What is being asked
Keep to one stretch of the data below, the lines from the one with "Stella McCartney Blusa Seda Bordados 38" up to and including the one with "Arges Dolap 4", and return that stretch exactly.

[Scraped caption text data]
━━━━━━━━

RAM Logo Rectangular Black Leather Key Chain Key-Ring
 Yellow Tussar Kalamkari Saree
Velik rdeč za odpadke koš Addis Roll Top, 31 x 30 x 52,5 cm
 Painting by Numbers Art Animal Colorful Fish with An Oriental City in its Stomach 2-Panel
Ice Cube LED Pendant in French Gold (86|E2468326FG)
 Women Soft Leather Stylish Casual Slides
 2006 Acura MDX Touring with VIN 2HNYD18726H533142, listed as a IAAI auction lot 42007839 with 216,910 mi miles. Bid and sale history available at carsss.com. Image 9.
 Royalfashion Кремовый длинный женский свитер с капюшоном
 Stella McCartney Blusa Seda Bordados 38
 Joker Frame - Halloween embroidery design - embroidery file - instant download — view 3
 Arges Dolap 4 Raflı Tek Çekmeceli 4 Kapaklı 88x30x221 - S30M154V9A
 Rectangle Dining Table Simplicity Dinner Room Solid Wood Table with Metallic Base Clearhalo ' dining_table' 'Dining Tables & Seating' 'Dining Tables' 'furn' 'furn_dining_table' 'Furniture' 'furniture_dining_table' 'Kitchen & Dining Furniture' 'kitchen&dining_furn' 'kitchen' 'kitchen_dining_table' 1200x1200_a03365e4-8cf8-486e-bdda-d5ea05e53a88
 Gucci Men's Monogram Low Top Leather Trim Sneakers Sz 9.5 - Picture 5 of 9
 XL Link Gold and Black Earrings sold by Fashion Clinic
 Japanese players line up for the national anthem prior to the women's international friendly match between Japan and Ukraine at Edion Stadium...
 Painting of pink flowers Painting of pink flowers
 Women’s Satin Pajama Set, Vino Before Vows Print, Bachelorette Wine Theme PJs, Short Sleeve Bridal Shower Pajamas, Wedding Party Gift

━━━━━━━━

Response area
 Stella McCartney Blusa Seda Bordados 38
 Joker Frame - Halloween embroidery design - embroidery file - instant download — view 3
 Arges Dolap 4 Raflı Tek Çekmeceli 4 Kapaklı 88x30x221 - S30M154V9A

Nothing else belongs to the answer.